Massive cigarette scam spreads to HK

PUBLISHED : Sunday, 31 October, 1993, 12:00am
UPDATED : Sunday, 31 October, 1993, 12:00am

COMMERCIAL Crime Bureau detectives are investigating a multi-million dollar Marlboro cigarette fraud that has spread from the United States across Europe and Russia to China and Hong Kong.

Detectives are investigating a complaint made by Sweet Field Ltd after the Sheung Wan company became the first victim of a phantom ship fraud involving the bogus sale of Marlboro cigarettes.

They believe the shipping fraud, part of an insurance swindle involving more than US$100 million (HK$773 million), led to the murder of an English accountant who became suspicious of his business partners.

The Hong Kong trading firm lost US$2.2 million in the deal after opening a letter of credit for US company HGS in September 1991 for 10 containers of cigarettes.
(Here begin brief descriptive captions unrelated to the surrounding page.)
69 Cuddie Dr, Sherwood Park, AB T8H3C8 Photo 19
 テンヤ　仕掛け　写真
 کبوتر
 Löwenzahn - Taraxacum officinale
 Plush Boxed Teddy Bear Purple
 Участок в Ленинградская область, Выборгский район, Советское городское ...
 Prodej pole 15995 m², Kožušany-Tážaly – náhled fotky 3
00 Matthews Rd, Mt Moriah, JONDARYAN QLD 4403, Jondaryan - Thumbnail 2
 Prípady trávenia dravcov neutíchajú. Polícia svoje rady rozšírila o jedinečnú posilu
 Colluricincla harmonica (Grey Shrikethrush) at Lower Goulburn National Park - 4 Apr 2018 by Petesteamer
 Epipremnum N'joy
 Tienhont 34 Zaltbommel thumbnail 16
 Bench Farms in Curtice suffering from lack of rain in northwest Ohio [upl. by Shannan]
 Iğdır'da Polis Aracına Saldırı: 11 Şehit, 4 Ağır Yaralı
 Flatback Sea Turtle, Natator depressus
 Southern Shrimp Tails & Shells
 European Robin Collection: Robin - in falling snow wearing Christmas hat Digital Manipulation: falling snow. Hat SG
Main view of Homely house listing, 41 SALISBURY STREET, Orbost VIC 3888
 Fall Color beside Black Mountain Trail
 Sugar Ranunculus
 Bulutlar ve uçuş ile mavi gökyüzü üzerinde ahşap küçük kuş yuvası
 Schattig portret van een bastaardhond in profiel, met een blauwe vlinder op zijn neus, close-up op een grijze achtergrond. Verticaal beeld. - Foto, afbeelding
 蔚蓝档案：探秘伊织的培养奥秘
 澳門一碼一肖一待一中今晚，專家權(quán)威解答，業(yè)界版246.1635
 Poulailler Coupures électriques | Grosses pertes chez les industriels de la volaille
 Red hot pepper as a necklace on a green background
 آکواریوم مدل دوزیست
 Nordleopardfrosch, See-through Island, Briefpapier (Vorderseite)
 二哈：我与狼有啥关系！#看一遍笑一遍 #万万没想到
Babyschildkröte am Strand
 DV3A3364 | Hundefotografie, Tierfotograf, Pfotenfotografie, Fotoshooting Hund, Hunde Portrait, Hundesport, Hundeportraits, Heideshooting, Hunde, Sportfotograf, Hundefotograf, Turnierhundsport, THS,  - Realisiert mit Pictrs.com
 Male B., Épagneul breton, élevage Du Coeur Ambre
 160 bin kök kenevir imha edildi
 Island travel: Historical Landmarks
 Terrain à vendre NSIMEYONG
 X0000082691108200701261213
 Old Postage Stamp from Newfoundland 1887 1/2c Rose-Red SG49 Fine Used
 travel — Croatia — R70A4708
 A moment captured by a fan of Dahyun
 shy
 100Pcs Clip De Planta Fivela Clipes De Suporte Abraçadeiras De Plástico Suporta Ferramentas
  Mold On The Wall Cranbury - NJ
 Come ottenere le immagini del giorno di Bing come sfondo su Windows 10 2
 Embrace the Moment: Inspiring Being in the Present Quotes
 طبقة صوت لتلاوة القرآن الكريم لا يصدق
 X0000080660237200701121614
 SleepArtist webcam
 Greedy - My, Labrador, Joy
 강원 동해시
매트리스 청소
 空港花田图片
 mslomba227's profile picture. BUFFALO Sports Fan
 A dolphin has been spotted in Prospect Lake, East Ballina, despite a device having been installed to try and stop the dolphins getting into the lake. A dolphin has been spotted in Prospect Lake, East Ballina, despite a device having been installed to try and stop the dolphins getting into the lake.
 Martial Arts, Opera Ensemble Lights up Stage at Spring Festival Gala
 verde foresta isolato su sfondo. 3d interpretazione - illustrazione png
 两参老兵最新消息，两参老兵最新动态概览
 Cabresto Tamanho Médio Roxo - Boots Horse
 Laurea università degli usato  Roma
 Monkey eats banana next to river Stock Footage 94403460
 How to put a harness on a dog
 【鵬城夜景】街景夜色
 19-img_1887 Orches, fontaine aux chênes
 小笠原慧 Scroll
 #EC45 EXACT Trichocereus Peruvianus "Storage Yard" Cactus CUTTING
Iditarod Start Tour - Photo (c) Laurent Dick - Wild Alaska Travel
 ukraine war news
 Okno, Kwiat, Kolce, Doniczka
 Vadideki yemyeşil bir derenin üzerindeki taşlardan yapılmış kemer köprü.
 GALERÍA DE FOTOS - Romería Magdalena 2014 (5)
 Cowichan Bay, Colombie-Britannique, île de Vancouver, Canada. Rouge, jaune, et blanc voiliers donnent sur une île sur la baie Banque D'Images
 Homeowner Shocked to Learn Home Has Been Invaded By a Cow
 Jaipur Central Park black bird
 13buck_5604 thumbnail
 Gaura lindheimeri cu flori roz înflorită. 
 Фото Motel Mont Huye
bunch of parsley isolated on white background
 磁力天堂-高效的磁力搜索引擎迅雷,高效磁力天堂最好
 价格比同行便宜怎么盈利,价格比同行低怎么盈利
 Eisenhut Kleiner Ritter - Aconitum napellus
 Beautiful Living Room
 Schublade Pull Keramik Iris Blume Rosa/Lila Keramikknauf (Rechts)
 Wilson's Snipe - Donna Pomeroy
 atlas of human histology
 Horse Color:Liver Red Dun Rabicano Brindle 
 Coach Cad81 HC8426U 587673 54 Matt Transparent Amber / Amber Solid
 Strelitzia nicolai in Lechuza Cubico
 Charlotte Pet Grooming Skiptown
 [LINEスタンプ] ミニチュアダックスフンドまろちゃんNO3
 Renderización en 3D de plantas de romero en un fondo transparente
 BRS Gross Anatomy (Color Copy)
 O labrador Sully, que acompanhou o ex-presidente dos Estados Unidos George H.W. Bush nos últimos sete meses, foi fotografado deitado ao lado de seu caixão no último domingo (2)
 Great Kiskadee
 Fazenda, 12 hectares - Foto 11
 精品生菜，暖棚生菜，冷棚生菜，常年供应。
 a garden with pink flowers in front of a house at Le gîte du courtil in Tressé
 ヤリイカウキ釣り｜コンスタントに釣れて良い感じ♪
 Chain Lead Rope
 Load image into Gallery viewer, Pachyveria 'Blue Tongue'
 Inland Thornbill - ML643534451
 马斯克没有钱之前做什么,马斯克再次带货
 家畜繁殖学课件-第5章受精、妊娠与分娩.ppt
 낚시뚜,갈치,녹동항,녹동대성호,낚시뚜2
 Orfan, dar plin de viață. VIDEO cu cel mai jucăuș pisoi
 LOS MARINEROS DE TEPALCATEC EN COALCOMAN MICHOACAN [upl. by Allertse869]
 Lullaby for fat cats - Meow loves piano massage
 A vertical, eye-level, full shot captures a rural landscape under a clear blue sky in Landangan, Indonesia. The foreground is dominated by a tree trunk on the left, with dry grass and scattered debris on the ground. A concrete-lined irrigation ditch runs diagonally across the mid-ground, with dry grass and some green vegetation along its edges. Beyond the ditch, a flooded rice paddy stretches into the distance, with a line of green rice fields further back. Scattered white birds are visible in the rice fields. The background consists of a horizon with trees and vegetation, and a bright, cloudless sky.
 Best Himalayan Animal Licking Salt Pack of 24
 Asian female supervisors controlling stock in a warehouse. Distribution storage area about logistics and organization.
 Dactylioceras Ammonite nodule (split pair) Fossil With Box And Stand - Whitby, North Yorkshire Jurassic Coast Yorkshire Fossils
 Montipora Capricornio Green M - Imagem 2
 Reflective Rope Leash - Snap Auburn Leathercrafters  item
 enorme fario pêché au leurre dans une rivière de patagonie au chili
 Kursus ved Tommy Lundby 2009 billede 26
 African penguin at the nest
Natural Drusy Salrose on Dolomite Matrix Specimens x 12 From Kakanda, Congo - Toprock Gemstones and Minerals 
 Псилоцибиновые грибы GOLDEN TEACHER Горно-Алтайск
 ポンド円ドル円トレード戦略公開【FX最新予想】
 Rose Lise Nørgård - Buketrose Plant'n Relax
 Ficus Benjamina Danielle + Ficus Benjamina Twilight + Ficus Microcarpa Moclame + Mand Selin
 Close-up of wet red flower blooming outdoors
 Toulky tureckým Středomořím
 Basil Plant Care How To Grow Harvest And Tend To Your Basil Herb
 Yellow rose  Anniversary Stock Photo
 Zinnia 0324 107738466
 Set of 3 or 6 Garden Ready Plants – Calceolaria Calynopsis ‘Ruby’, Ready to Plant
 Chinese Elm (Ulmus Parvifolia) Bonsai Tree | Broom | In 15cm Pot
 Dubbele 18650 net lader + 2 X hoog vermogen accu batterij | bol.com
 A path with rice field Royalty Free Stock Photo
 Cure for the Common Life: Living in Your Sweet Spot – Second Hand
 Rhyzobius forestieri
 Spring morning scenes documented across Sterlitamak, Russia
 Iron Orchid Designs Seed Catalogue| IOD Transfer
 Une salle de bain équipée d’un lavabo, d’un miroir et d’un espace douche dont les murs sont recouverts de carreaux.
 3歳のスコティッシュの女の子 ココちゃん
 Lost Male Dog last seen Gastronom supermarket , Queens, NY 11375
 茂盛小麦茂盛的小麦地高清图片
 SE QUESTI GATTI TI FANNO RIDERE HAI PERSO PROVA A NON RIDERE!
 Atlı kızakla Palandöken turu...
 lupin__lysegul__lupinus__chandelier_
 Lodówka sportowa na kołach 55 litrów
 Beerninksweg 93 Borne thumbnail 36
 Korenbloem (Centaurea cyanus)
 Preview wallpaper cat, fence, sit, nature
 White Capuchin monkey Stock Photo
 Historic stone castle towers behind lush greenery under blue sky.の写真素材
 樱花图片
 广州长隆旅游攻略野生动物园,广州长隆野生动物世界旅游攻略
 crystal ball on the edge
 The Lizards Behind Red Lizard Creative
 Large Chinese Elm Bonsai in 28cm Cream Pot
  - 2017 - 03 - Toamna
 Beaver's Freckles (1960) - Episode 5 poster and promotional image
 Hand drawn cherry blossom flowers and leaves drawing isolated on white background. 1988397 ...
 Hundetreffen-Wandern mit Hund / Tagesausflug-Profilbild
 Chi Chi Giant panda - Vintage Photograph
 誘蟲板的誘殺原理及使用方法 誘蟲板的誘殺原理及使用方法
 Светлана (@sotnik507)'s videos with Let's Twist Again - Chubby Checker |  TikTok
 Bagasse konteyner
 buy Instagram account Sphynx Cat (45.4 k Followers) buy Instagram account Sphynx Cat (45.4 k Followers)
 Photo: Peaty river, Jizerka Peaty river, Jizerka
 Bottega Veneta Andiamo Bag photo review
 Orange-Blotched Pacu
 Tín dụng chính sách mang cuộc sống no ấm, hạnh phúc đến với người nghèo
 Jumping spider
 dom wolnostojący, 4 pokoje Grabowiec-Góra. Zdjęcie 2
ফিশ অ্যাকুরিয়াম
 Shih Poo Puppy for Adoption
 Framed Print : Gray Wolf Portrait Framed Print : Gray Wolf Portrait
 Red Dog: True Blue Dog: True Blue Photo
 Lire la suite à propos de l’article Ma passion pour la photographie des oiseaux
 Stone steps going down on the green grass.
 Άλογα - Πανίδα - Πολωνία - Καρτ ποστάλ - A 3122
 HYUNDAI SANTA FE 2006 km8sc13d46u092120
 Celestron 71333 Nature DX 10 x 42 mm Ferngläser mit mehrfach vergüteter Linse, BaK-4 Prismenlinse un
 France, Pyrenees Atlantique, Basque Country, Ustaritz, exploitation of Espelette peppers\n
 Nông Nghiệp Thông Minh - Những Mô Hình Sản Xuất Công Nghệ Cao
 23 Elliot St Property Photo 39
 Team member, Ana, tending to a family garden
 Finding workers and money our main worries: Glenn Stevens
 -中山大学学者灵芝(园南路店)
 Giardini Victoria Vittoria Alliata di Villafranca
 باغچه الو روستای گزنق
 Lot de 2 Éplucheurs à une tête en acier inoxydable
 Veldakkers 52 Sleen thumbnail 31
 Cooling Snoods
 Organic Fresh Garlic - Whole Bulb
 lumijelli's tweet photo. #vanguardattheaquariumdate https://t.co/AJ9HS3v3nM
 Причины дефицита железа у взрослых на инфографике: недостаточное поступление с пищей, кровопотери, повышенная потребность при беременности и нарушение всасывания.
They were to be delivered to the territory in December of that year on a cargo ship, Lisa Marie, from Miami, but the shipment did not arrive.

Three months later an accountant and businessman David Wilson, who bought the ship and set up a cargo line to transport the cigarettes, was murdered in Lancashire while on police bail.

Wilson had been arrested by British police investigating an alleged insurance swindle involving a shipment of tobacco from Dublin to Rotterdam. They were also investigating its link to the international Marlboro scam.

When arrested, the accountant told police he feared for his life after being accused of double-crossing his business partners in North and South America when a transatlantic deal went wrong.

It is believed Wilson discovered the operation was a scam and the cigarettes did not exist when he found the Lisa Marie, named after one of his daughters, was still in a US port and had not delivered any cargo.

A Sweet Field manager, who would only give his name as Mr Kwok, said last week he had reported the fraud to police and had hired a US lawyer to try to get the invested money back.

He said Sweet Field opened the letter of credit for the cigarettes on behalf of a Taiwanese man named Lam Kuen, who negotiated the deal with the US company selling the Marlboros.

''It was not the first time our company had opened a letter of credit for him,'' said Mr Kwok.

He said he had never met Wilson nor anybody else connected with the case.

The death of Wilson, 47, led to an international investigation spanning three continents and involving Interpol, US customs and the FBI.

Earlier this month a British arms dealer, Stephen Schepke, was jailed for life for aiding and abetting in the murder.

Another man wanted in connection with Wilson's murder, Hector Portillo, a former colonel in the Mexican Army, was arrested in New York in July last year by US Customs officers.

Extradition proceedings brought by the British Government against Portillo, who is believed to be a cousin of a former Mexican president, are continuing.

The International Maritime Bureau , which has been looking into the fraud for more than a year, estimates the total losses to be more than US$100 million and still rising.